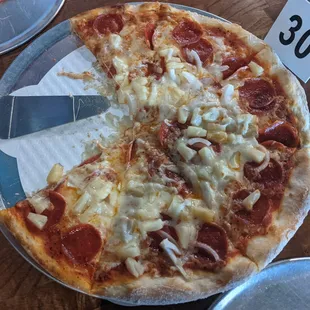 pizza, food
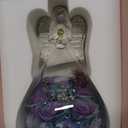 Yamonic Mothers Day Rose Gifts for Mom, Angel Figurine with Five Roses Gifts, Preserved Flowers Forever Real Rose Mom Gifts for Women, Birthday Gifts for Mom Grandma Christmas Mother's Day Valentine (5 Roses-red gold)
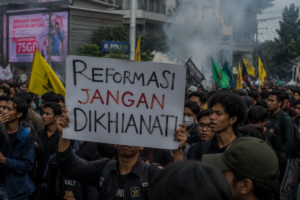Mahasiswa Semarang Kembali Suarakan Reformasi, Soroti Perwira Polisi di Jabatan Sipil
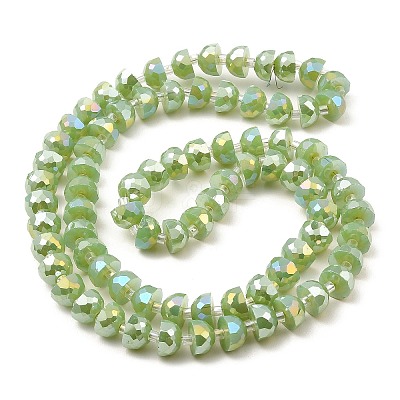 AB Color Plate Glass Beads Strands EGLA-P051-02A-A01-1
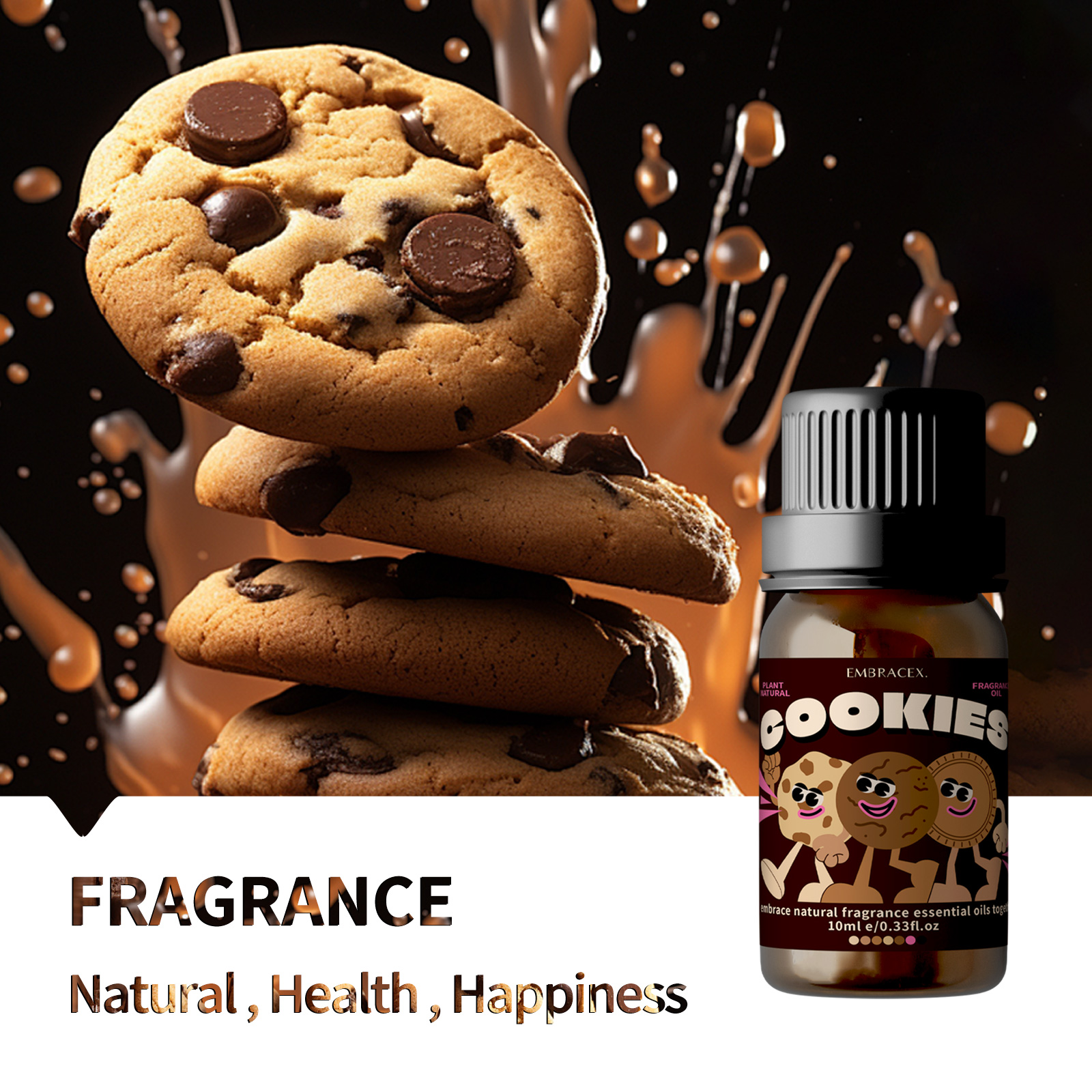 10ml Cookies Perfume Cookies F - Perfume Fragrance Making บทวิจารณ์และราคา
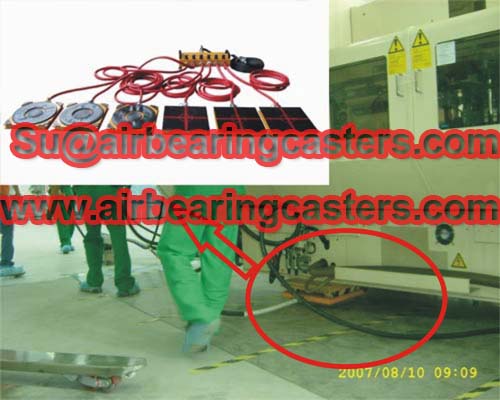 Modular air casters applications and details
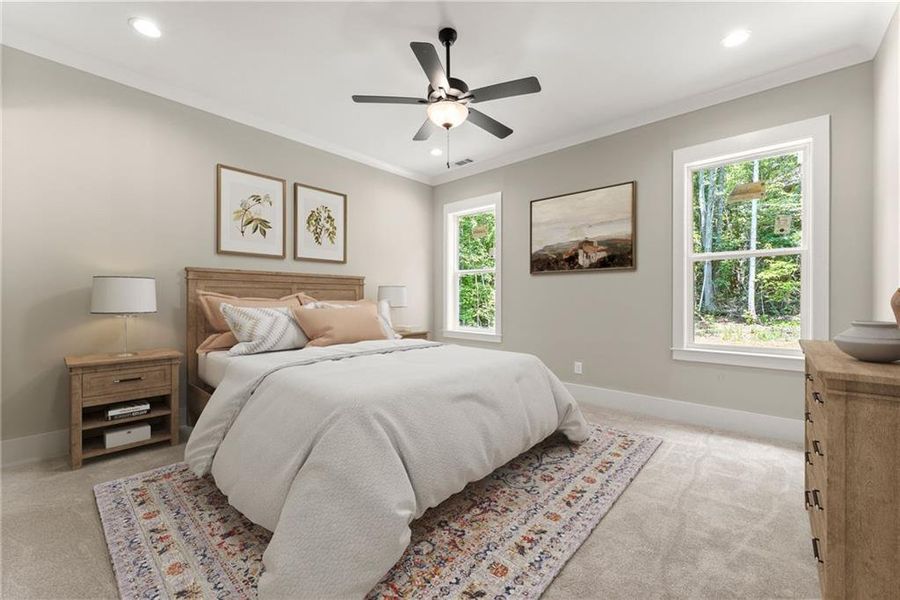 Furnished interior view inside a new home in , Cleveland (Image 32).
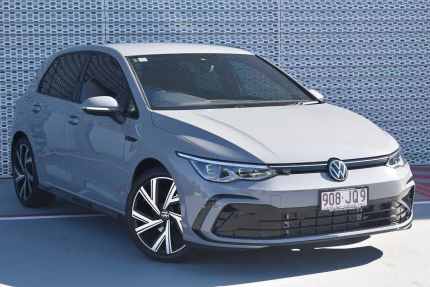 2023 Volkswagen Golf 8 MY23 110TSI R-Line Grey 8 Speed Sports Automatic Hatchback Springwood Logan Area Preview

# Exercise goal
Although the records include pictures, the copy should reproduce every line exactly and none of the pictures.

# Response area
 pizza, food
 Yamonic Mothers Day Rose Gifts for Mom, Angel Figurine with Five Roses Gifts, Preserved Flowers Forever Real Rose Mom Gifts for Women, Birthday Gifts for Mom Grandma Christmas Mother's Day Valentine (5 Roses-red gold)
Mahasiswa Semarang Kembali Suarakan Reformasi, Soroti Perwira Polisi di Jabatan Sipil
 AB Color Plate Glass Beads Strands EGLA-P051-02A-A01-1
 10ml Cookies Perfume Cookies F - Perfume Fragrance Making บทวิจารณ์และราคา
 Modular air casters applications and details
 Furnished interior view inside a new home in , Cleveland (Image 32).
 2023 Volkswagen Golf 8 MY23 110TSI R-Line Grey 8 Speed Sports Automatic Hatchback Springwood Logan Area Preview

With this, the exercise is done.